-- Input material --
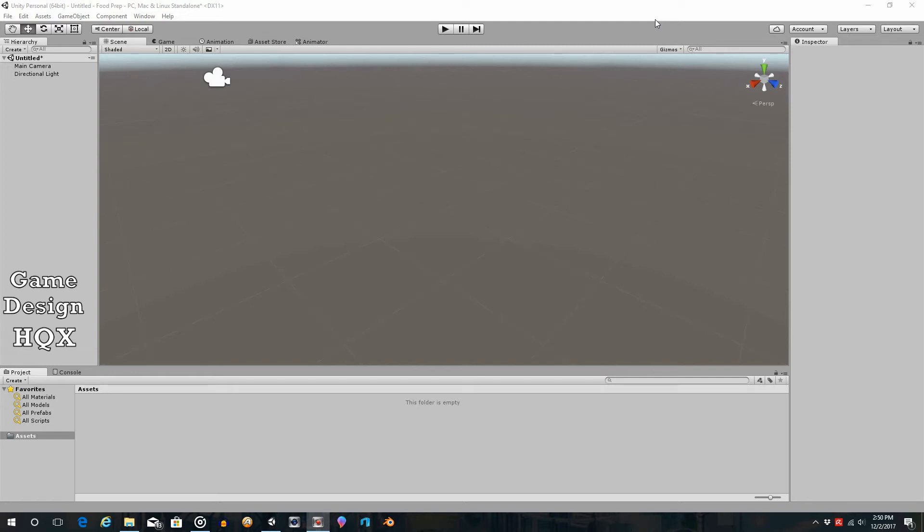Okay, so in this series we're going to look at how to make a cooking food prep time management game. The basic setup is that you are in a food cart. Customers will come up to the cart and an image will appear next to them showing what they would like to order.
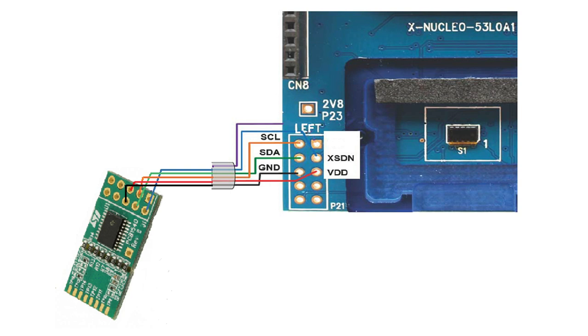The pins are power, ground, the reset pin, the I2C SCL, and the I2C SDA. So those wires are all that need to be connected.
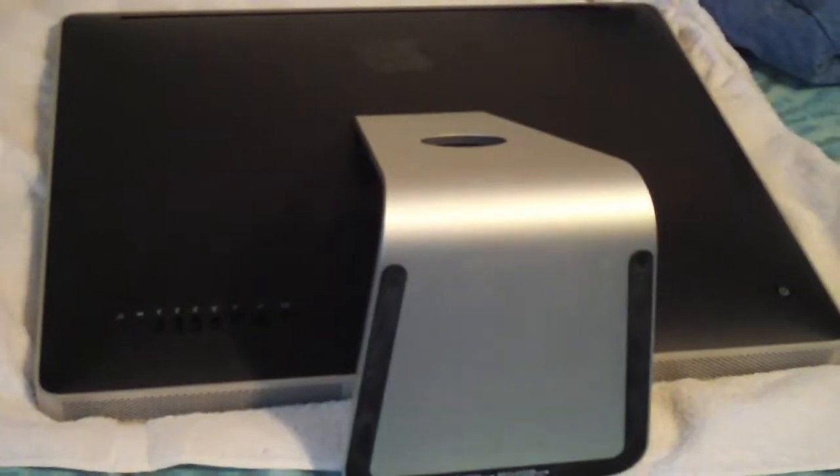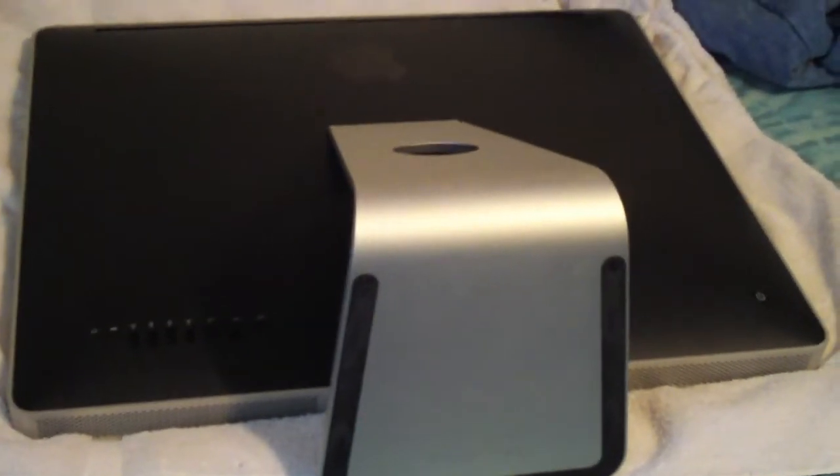Next, make sure your Mac has a towel for its screen to lay on. Then, lay your Mac on it like so.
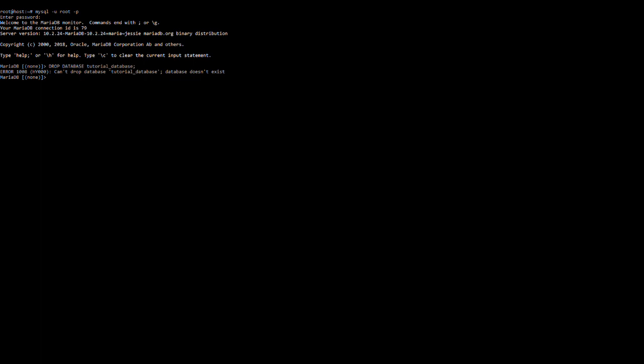If the database doesn't exist, then you will be presented with this error. To delete the database without getting this output, you can use the words IF EXISTS, just like this. Go ahead and hit enter, and you'll get this instead of an error, which could be a much better output.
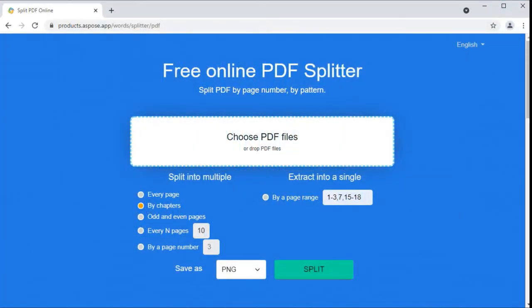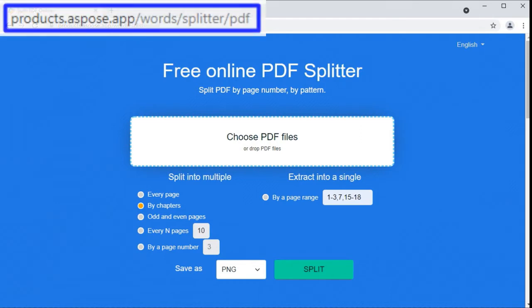Extracting pages from a PDF may prove useful quite often. Most likely, you'll need it when you want to review a part of a document together with your customers or colleagues. Instead of messing with a whole PDF document, you can send just the necessary and sufficient information as an email attachment. In certain situations, this could be the best solution, as smaller files make data exchange easier, faster, and have a positive impact on productivity.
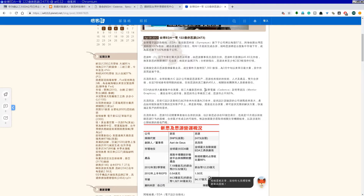去年的新闻，全球EDA一哥Synopsys把Springsoft吃掉。目前前三大EDA公司是Cadence、Synopsys，还有Mentor Graphics。你们用过的工具是Calibre，做DRC、LVS的时候用到。Synopsys原本你们只用HSpice跑模拟，但现在Laker也被他吃掉了，归Synopsys管。这三家公司基本上做电路都躲不掉。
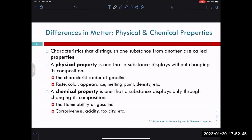Now we can talk about matter in terms of its chemical and physical properties — a way to distinguish one thing from another without using a scanning tunneling microscope. Physical properties are ones that a substance displays without changing its composition: the characteristic odor of gasoline, taste, color, appearance, melting point, density, and boiling point.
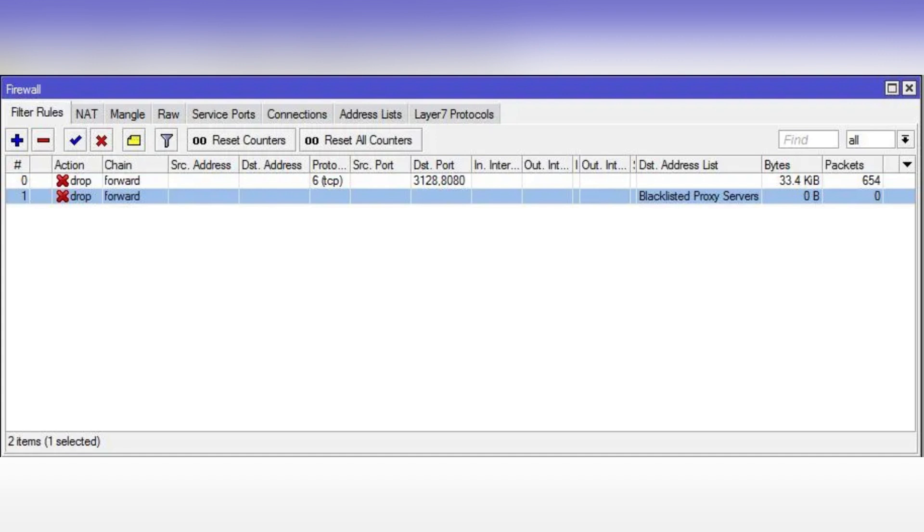Click on Action tab, then set Action to Drop. All you have to do is click Apply and OK.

-- Assigned task --
Would you please set down the data above again exactly, without its pictures?

-- Worked solution --
Okay, so in this series we're going to look at how to make a cooking food prep time management game. The basic setup is that you are in a food cart. Customers will come up to the cart and an image will appear next to them showing what they would like to order.
The pins are power, ground, the reset pin, the I2C SCL, and the I2C SDA. So those wires are all that need to be connected.
Next, make sure your Mac has a towel for its screen to lay on. Then, lay your Mac on it like so.
If the database doesn't exist, then you will be presented with this error. To delete the database without getting this output, you can use the words IF EXISTS, just like this. Go ahead and hit enter, and you'll get this instead of an error, which could be a much better output.
Extracting pages from a PDF may prove useful quite often. Most likely, you'll need it when you want to review a part of a document together with your customers or colleagues. Instead of messing with a whole PDF document, you can send just the necessary and sufficient information as an email attachment. In certain situations, this could be the best solution, as smaller files make data exchange easier, faster, and have a positive impact on productivity.
去年的新闻，全球EDA一哥Synopsys把Springsoft吃掉。目前前三大EDA公司是Cadence、Synopsys，还有Mentor Graphics。你们用过的工具是Calibre，做DRC、LVS的时候用到。Synopsys原本你们只用HSpice跑模拟，但现在Laker也被他吃掉了，归Synopsys管。这三家公司基本上做电路都躲不掉。
Now we can talk about matter in terms of its chemical and physical properties — a way to distinguish one thing from another without using a scanning tunneling microscope. Physical properties are ones that a substance displays without changing its composition: the characteristic odor of gasoline, taste, color, appearance, melting point, density, and boiling point.
Click on Action tab, then set Action to Drop. All you have to do is click Apply and OK.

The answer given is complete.